CREATE FUNCTION dbo.get_names_udf (@user_id nvarchar(24))
RETURNS NVARCHAR(500) 
AS
BEGIN
DECLARE
RETURN SELECT dbo.usernames(@user_id))
END
GO

CREATE FUNCTION dbo.get_names_itvf (@user_id nvarchar(24))
RETURNS TABLE 
AS
RETURN
(SELECT name = SELECT dbo.usernames(@user_id))
GO

-- dbo.usernames is a simple scalar function which is defined after both the functions above    

This is how I create all the functions for my DB:

  1. I drop all the functions from sysobjects

  2. I recreate all the functions again.

  3. "the usernames() function is created after both of the above".

When I try to execute all the function creation script - it seems that my iTVF creation fails because it reports that usernames() function isn't there (which is expected because the objects are dropped, as I mentioned above).

Msg 4121, Level 16, State 1, Server XXXXXXXXX, Procedure get_names_itvf, Line 5
Cannot find either column "dbo" or the user-defined function or aggregate "dbo.usernames", or the name is ambiguous.

But for the UDF function it doesn't run into this error.

Is this because how the inline TVF sees the internal results?

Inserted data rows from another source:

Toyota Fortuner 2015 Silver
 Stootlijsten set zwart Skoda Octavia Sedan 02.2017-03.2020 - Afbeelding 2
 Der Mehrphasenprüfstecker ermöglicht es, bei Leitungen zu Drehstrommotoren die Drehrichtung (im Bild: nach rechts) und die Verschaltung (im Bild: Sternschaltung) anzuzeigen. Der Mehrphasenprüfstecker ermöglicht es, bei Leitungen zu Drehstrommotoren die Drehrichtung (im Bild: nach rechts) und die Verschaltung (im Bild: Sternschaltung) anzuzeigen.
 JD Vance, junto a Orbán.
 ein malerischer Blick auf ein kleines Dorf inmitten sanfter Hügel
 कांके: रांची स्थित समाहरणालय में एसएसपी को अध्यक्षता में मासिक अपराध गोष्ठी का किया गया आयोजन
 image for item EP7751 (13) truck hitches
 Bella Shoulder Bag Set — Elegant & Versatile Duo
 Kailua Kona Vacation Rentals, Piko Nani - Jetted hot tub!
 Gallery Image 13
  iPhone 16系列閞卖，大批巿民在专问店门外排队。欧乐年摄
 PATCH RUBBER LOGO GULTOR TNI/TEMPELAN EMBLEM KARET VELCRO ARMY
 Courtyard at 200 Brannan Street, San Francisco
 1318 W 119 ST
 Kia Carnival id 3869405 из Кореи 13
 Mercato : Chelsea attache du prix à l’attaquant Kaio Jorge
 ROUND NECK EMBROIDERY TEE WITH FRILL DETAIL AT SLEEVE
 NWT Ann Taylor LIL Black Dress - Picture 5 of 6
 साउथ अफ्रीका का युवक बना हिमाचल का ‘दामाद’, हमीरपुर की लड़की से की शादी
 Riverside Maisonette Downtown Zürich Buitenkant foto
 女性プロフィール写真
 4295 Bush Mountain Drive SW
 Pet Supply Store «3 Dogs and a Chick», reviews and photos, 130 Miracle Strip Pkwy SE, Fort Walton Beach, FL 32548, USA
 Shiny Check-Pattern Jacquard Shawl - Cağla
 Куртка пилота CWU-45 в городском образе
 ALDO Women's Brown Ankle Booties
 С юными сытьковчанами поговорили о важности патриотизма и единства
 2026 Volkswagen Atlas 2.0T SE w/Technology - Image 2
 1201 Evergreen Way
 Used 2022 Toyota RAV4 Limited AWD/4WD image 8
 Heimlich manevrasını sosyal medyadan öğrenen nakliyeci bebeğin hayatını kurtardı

Or is it how the dependencies are resolved for UDF and iTVF?

I am not sure why this is happening so it would be good to get some guidance/suggestion.

KR,

2

When you`re creating a scalar function you define the return type

CREATE FUNCTION dbo.get_names_udf (@user_id nvarchar(24))
RETURNS NVARCHAR(500) 
AS
BEGIN
RETURN (SELECT dbo.usernames(@user_id))
END
GO

Which was NVARCHAR(500) in this case and SQL server does not need to check the underlying structure of referenced functions/tables as long as knows the return type.

It will fail to execute tho, if usernames function (in this case) would return something other than NVARCHAR(500), which is expected

On the other hand

CREATE FUNCTION dbo.get_names_itvf (@user_id nvarchar(24))
RETURNS TABLE 
AS
RETURN
(SELECT dbo.usernames(@user_id) as username)
GO

As specified ,returns table therefore SQL server checks the underlying structure of the table because it needs to know what kind of table is begin returned. How many columns it has,if any of the columns are without names(in aggregate cases) and inform you about it. You can test this by running the query above without referencing the column name( 'as user name' ) in case username table does not have a specified column name.

Note: I had to tweak this two functions a little bit, to make them work.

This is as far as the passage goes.